Pro forma revenues for the second quarter, which include the combined results plus the results of Gregory for April and May 2010, were $23.7 million, an increase of 4% versus pro forma revenues of $22.8 million in the same period last year. Following this press release is a reconciliation of revenue as reported to combined, pro forma revenue and gross profit as reported to combined, and combined adjusted and pro forma adjusted gross profit for the three and six month periods ended June 30, 2010 and 2009.


Combined gross profit and gross profit margins for the second quarter were $6.5 million and 34.0%, respectively. Gross profit includes a $1.2 million increase in cost of goods sold due to the increase in inventory value as a result of the allocation of fair value in purchase accounting. Excluding the $1.2 million fair value adjustment, combined adjusted gross margin for the three-month period ending June 30, 2010, would have been 40.1%.


Pro forma adjusted gross profit and adjusted gross margins for the second quarter, excluding the $1.2 million increase in cost of goods sold due to the increase in inventory value as a result of the allocation of fair value in purchase accounting for the three month period ending June 2010, would have been $9.4 million and 39.8% compared to $8.5 million and 37.1 % in the same period in 2009. The stronger gross margin is mainly due to economies of scale in our manufacturing operations.


Net income, as reported in the second quarter was $57.3 million, or $3.03 per diluted share. A variety of factors affected this performance, including a non-cash gain associated with the recognition of a $65 million deferred tax asset, offset by a variety of acquisition related items and charges, as described above.


Peter Metcalf, Chief Executive Officer, commented, “We are very pleased to have experienced growth across nearly all of our businesses and product categories, despite what remains a very challenging economic environment. We believe that our consumers regard our products and brands as transcendent discretionary purchases which enable them to advance their health and wellness through their participation in and affinity for the outdoor lifestyle.”


Warren B. Kanders, Executive Chairman, said, “We are very excited to have forged a combination of iconic brand leaders to serve as a global platform for growth and future cash-flow generation.

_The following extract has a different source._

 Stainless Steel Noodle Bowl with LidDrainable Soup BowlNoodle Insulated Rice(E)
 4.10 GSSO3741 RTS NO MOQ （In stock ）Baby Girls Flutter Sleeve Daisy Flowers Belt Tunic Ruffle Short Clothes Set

Our balance sheet is strong and we are prepared to build on our leadership position to create value for a wide range of consumers, customers, partners, and shareholders. We believe that through a combination of organic growth and targeted acquisitions we have an opportunity to become a highly diversified provider of a wide range of outdoor and lifestyle products.”


Six Month Results


Combined revenues for the six months ended June 30, 2010 were $42.7 million compared to $36.0 million during the six months ended June 30, 2009. Combined results represent the results of the Company for the six months ended June 30, 2010 and the results of the Predecessor for the period from January 1, 2010 through May 28, 2010, the closing date of the Acquisitions. The Predecessor does not include the results of Gregory.

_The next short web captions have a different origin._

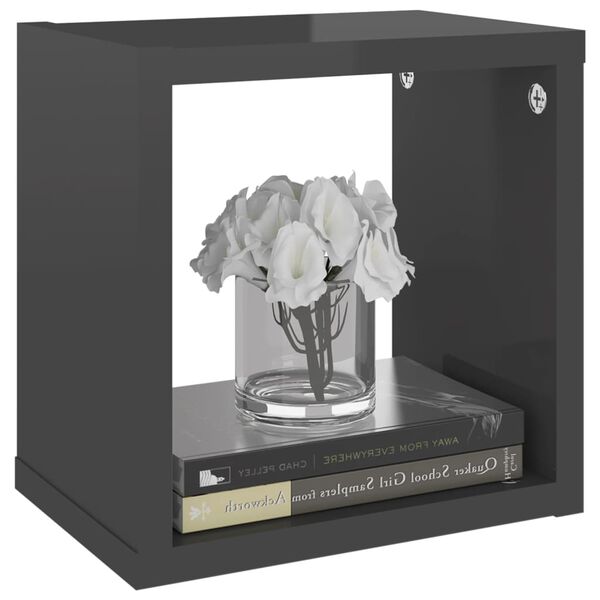 vidaXL Стенни кубични рафтове, 6 бр, сив гланц, 22x15x22 см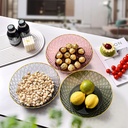 طبق اكليريك بحواف ذهبي وقاعدة دواره لحمل وتقديم الفواكه والمكسرات والشوكولاتة بشكل شيك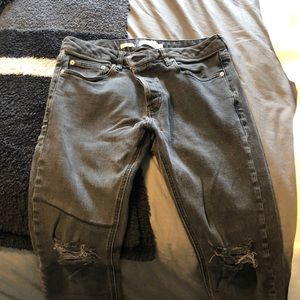 Topman stretch slim pants black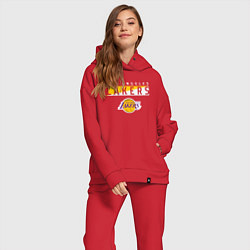 Женский костюм оверсайз LA LAKERS NBA ЛЕЙКЕРС НБА, цвет: красный — фото 2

Pro forma revenues for the six months ended June 30, 2010, which include Gregory results for January through May, 2010, were approximately $56.8 million, an increase of 8.4% versus pro forma revenue of $52.4 million in the same period last year.


Combined gross profit and gross profit margins for the six months ending June 30, 2010 were $15.6 million and 36.5%, respectively. Gross profit includes a $1.2 million increase in cost of goods sold due to the increase in inventory value as a result of the allocation of fair value in purchase accounting. Excluding the $1.2 million fair value adjustment, combined gross margin for the six -month period ending June 30, 2010, would have been 39.2%.


Pro forma adjusted gross profit and adjusted gross margins for the six months ending June 30, 2010, excluding the $1.2 million increase in cost of goods sold due to the increase in inventory value as a result of the allocation of fair value in purchase accounting, would have been $22.5 million and 39.7% compared to $20.0 million and 38.2% in the same period in 2009. The stronger gross margin is mainly due to economies of scale in our manufacturing operations.


Net income, as reported for the six months ended June 30, 2010 was $54.9 million, or $3.05 per diluted share. A variety of factors affected this performance, including a non-cash gain associated with the recognition of a $65 million deferred tax asset, offset by a variety of acquisition related items and charges, as described above.


Balance Sheet


Cash and cash equivalents at June 30, 2010, totaled $3.3 million.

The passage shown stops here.